▶ _Data under study_
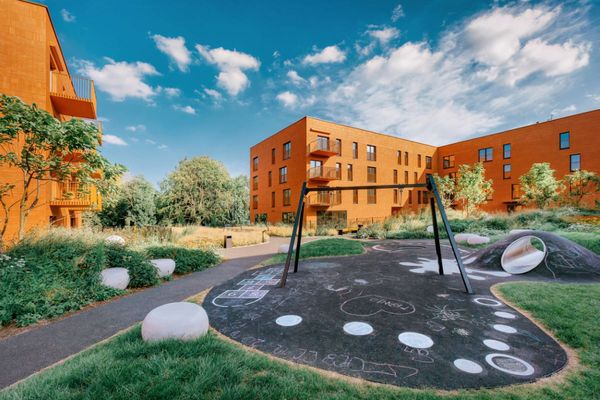 Rzut Mieszkaj w Mieście - Osiedle Wizjonerów Etap (K) Poetów - Mieszkanie na sprzedaż, Kraków, Bronowice, 765000  PLN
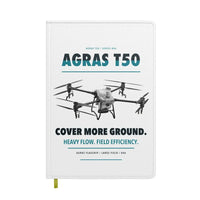 Thumbnail for DJI Agras T50 design on white notebook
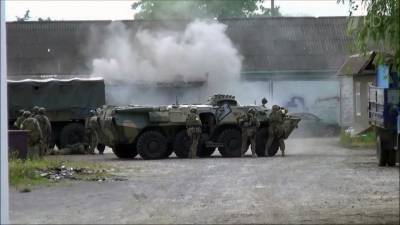 В Грозном ликвидированы боевики, которые готовили теракты в Чеченской республике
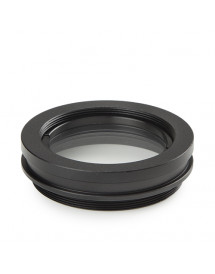 Objectif auxiliaire 0.5x pour  microscope zoom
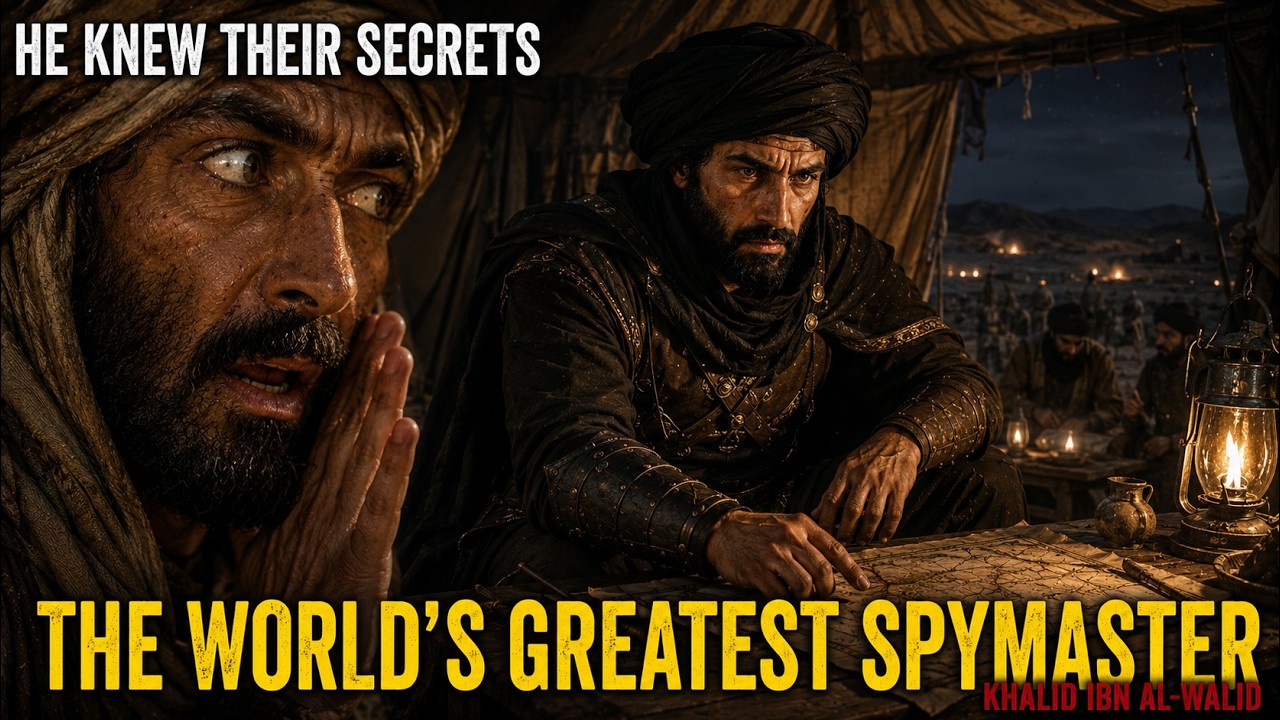 The Secret Intelligence System That Made Khalid ibn al-Walid Unbeatable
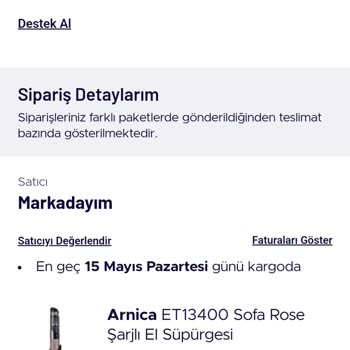 Teknosa Markadayım Magzasi Mağduriyetinin Düzeltilmemesi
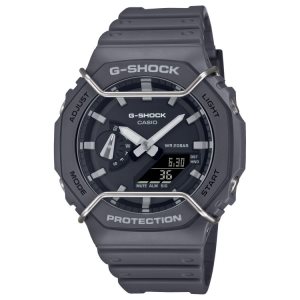 Casio ANALOG-DIGITAL Gray GA2100PTS-8A G-shock Erkek Gri | ERXAJN298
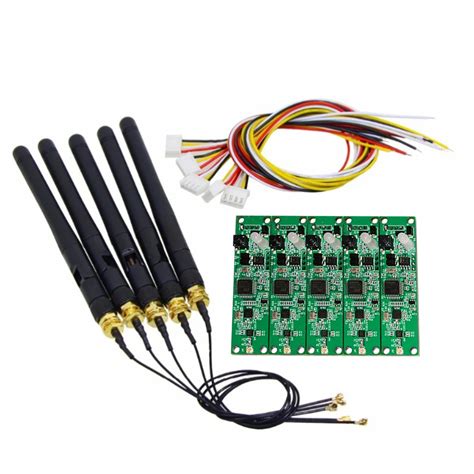 2 4G ISM DMX Wireless Controller PCB Module 2 In 1 DMX512 Transmitter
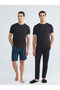 Esvab • Modern & Distinctive Zero Roba Collar Men's Pajama Set 3-Piece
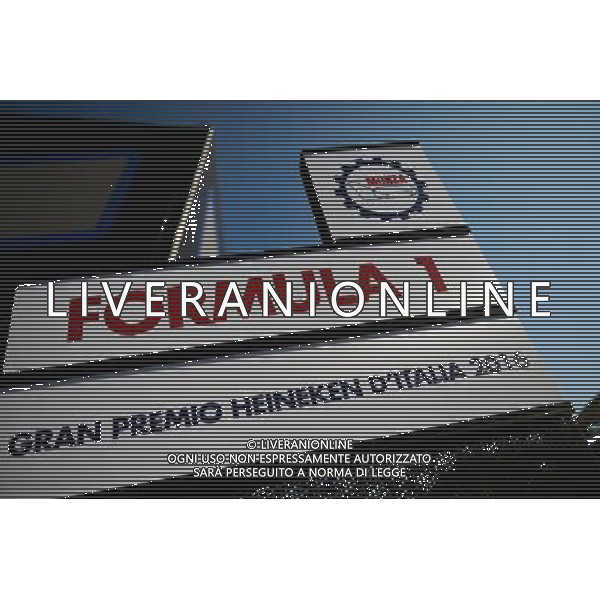 Monza atmosphere. 01.09.2016. Formula 1 World Championship, Rd 14, Italian Grand Prix, Monza, Italy, Preparation Day. / AGENZIA ALDO LIVERANI SAS - ITALY ONLY EDITORIAL USE ONLY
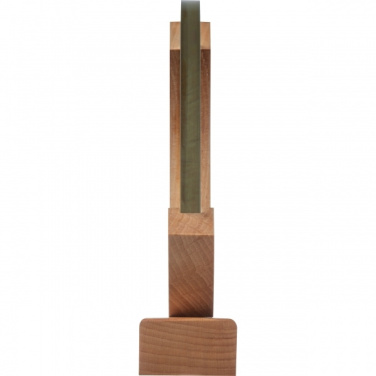 Logotrade meene foto: Bambusest alusega trofee Oshawa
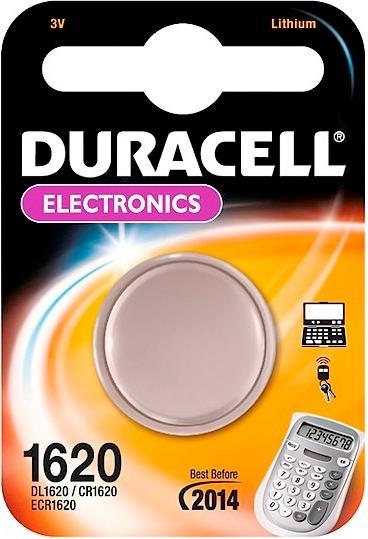 Immagine prodotto Duracell Elettronica (1 pz., CR1620, 75 mAh)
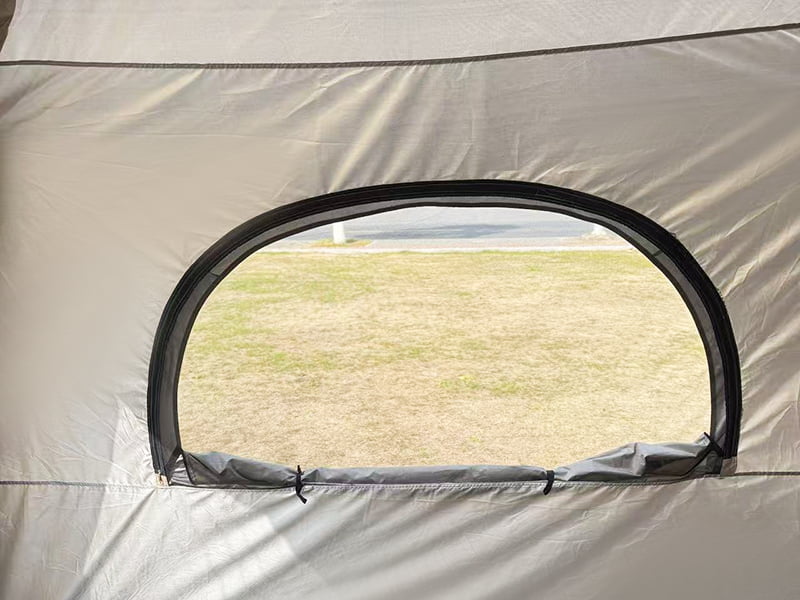 Camping Tent na Naka-mount sa Rear-Mounted Car Camping Tent na Naka-mount sa Rear-Mounted Car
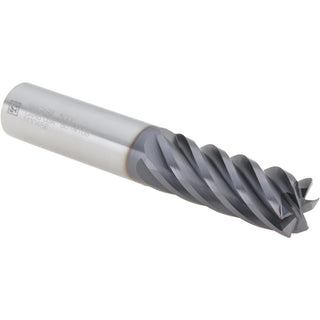 1/2" 6-Flute Solid Carbide Corner Radius End Mill, AlTiN - Seco 03007646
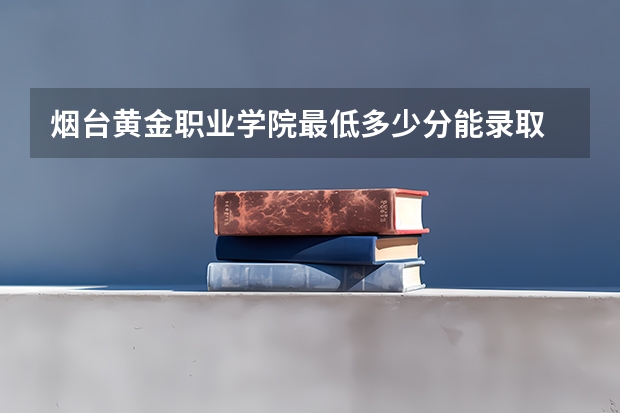 烟台黄金职业学院最低多少分能录取 山东历年录取分数线一览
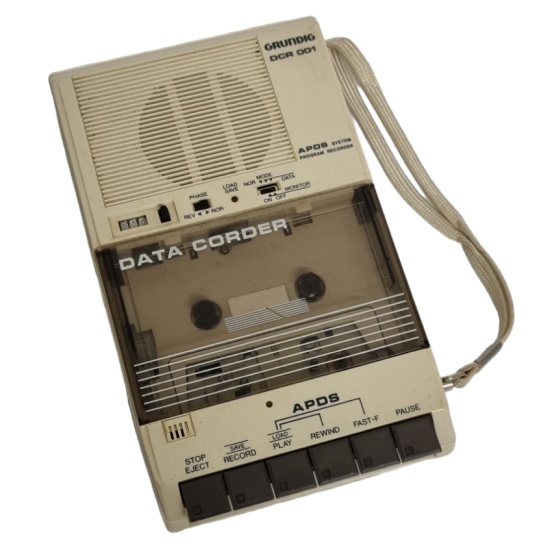 Picture of Vintage Technology Prop Store   Hi-Fi Props   Grundig DCR 001 Data Cassette Recorder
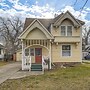 Walk to Everything! Historic Billings Home w/ Deck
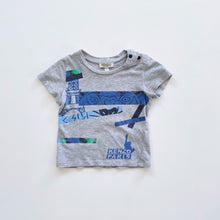 Load image into Gallery viewer, KENZO T-Shirt Grey/ Blue (6-12m)
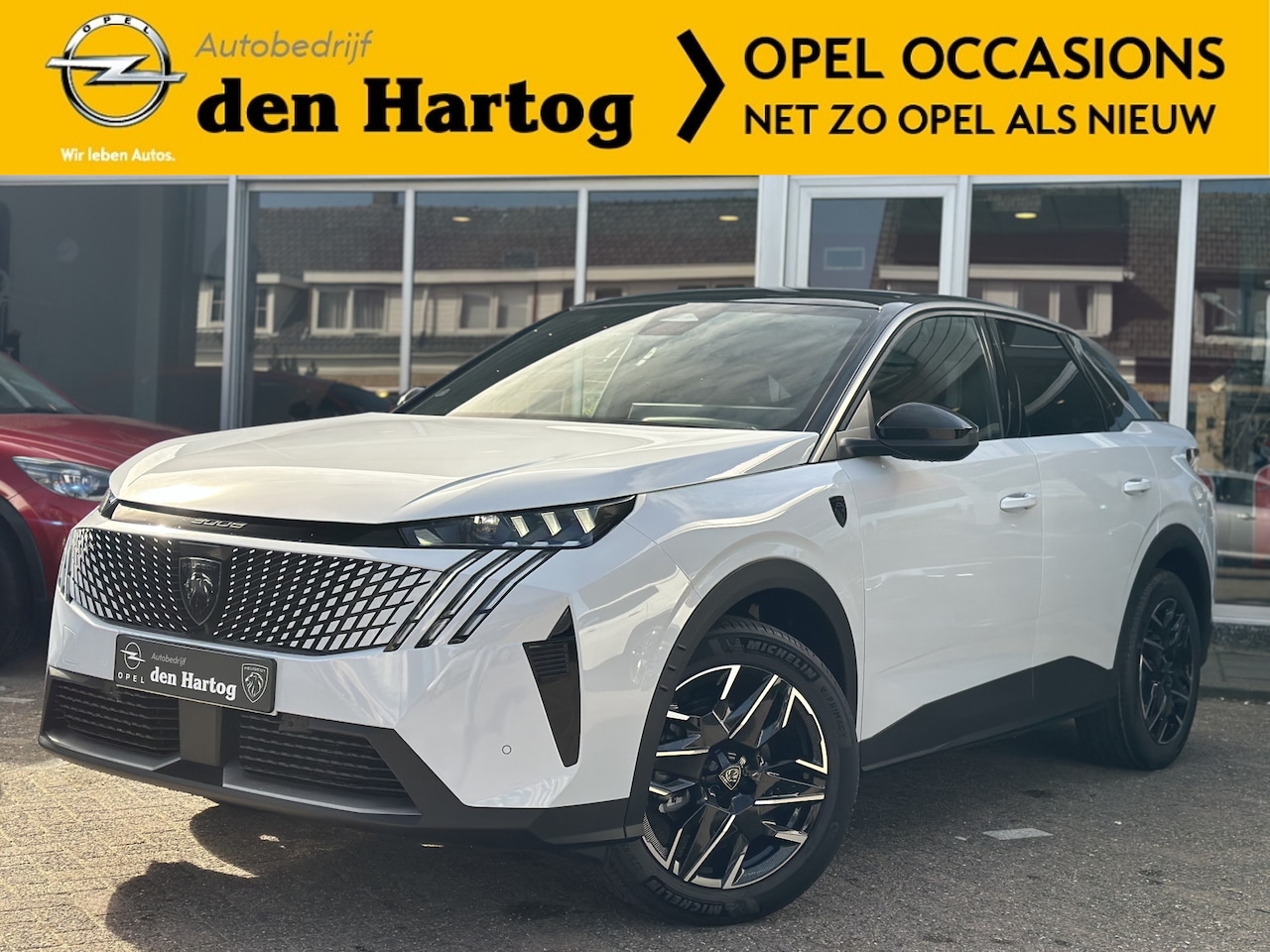 Peugeot 3008 - 1.2 Hybrid 145 GT Trekhaak/Stoel+stuurverwarming/Camera. - AutoWereld.nl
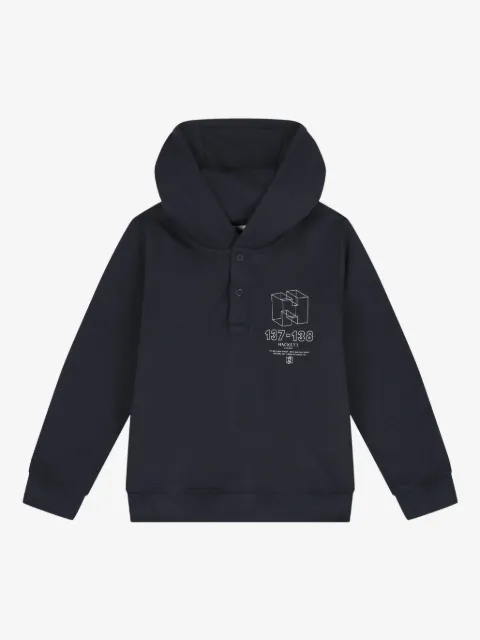 Hackett Kids هودي بشعار الماركة H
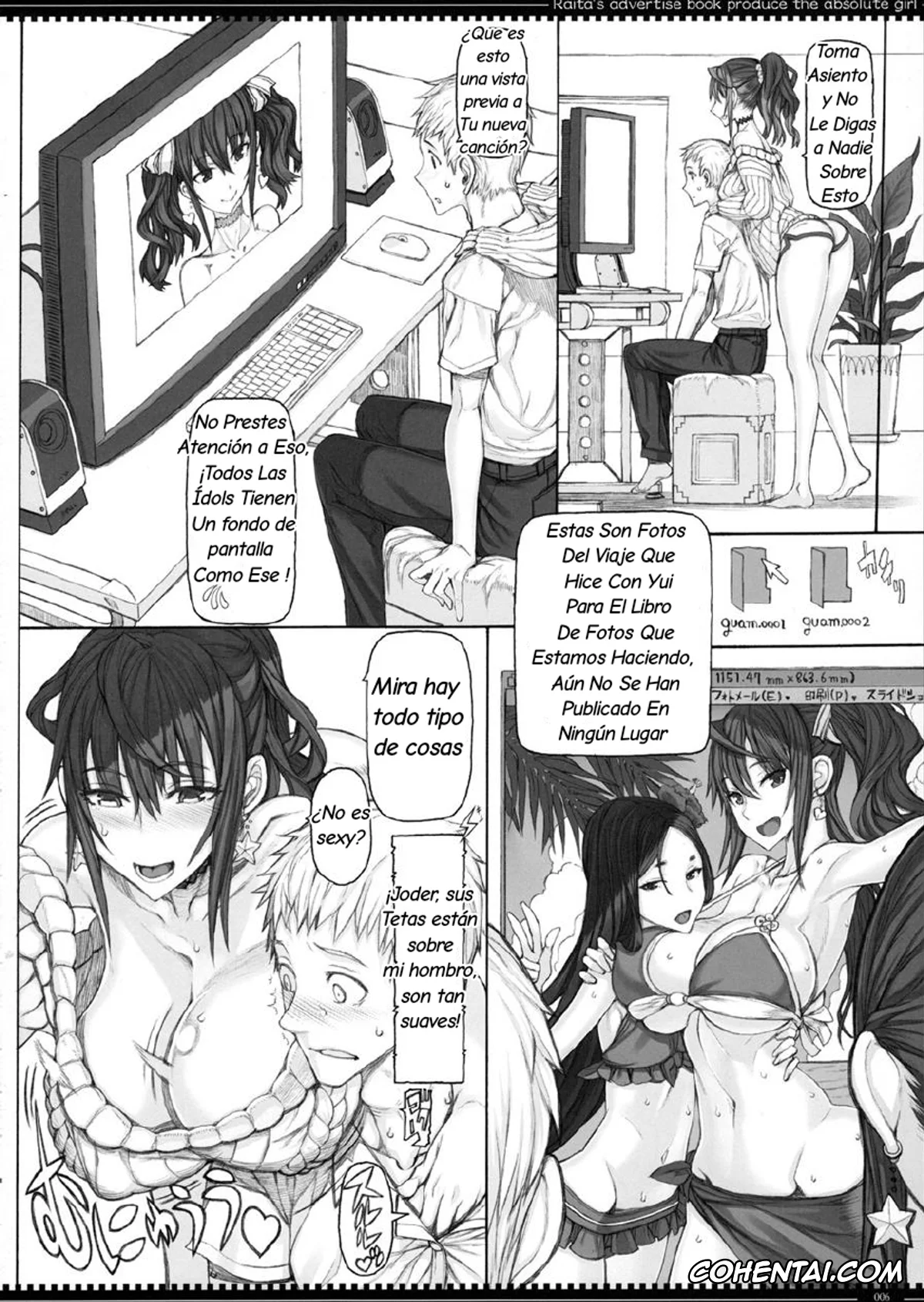 Zettai Junpaku Mahou Shoujo porno, Mahou Shoujo 16.0 (Zettai Junpaku Mahou Shoujo), pagina 5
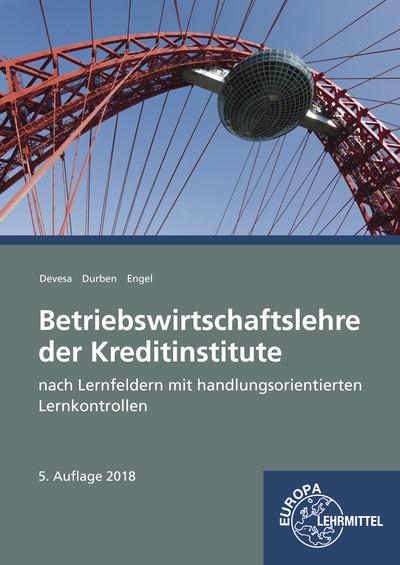 Cover-Bild Betriebswirtschaftslehre der Kreditinstitute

▶ _Task to carry out_
All records, pictures excluded: copy them exactly.

▶ _Solution_
 Rzut Mieszkaj w Mieście - Osiedle Wizjonerów Etap (K) Poetów - Mieszkanie na sprzedaż, Kraków, Bronowice, 765000  PLN
 Thumbnail for DJI Agras T50 design on white notebook
 В Грозном ликвидированы боевики, которые готовили теракты в Чеченской республике
 Objectif auxiliaire 0.5x pour  microscope zoom
 The Secret Intelligence System That Made Khalid ibn al-Walid Unbeatable
 Teknosa Markadayım Magzasi Mağduriyetinin Düzeltilmemesi
 Casio ANALOG-DIGITAL Gray GA2100PTS-8A G-shock Erkek Gri | ERXAJN298
 2 4G ISM DMX Wireless Controller PCB Module 2 In 1 DMX512 Transmitter
 Esvab • Modern & Distinctive Zero Roba Collar Men's Pajama Set 3-Piece
 Monza atmosphere. 01.09.2016. Formula 1 World Championship, Rd 14, Italian Grand Prix, Monza, Italy, Preparation Day. / AGENZIA ALDO LIVERANI SAS - ITALY ONLY EDITORIAL USE ONLY
 Logotrade meene foto: Bambusest alusega trofee Oshawa
 Immagine prodotto Duracell Elettronica (1 pz., CR1620, 75 mAh)
 Camping Tent na Naka-mount sa Rear-Mounted Car Camping Tent na Naka-mount sa Rear-Mounted Car
 1/2" 6-Flute Solid Carbide Corner Radius End Mill, AlTiN - Seco 03007646
 烟台黄金职业学院最低多少分能录取 山东历年录取分数线一览
 Picture of Vintage Technology Prop Store   Hi-Fi Props   Grundig DCR 001 Data Cassette Recorder
 Walk to Everything! Historic Billings Home w/ Deck
 Load image into Gallery viewer, KENZO T-Shirt Grey/ Blue (6-12m)
 Peugeot 3008 - 1.2 Hybrid 145 GT Trekhaak/Stoel+stuurverwarming/Camera. - AutoWereld.nl
 Hackett Kids هودي بشعار الماركة H
 Zettai Junpaku Mahou Shoujo porno, Mahou Shoujo 16.0 (Zettai Junpaku Mahou Shoujo), pagina 5
 Cover-Bild Betriebswirtschaftslehre der Kreditinstitute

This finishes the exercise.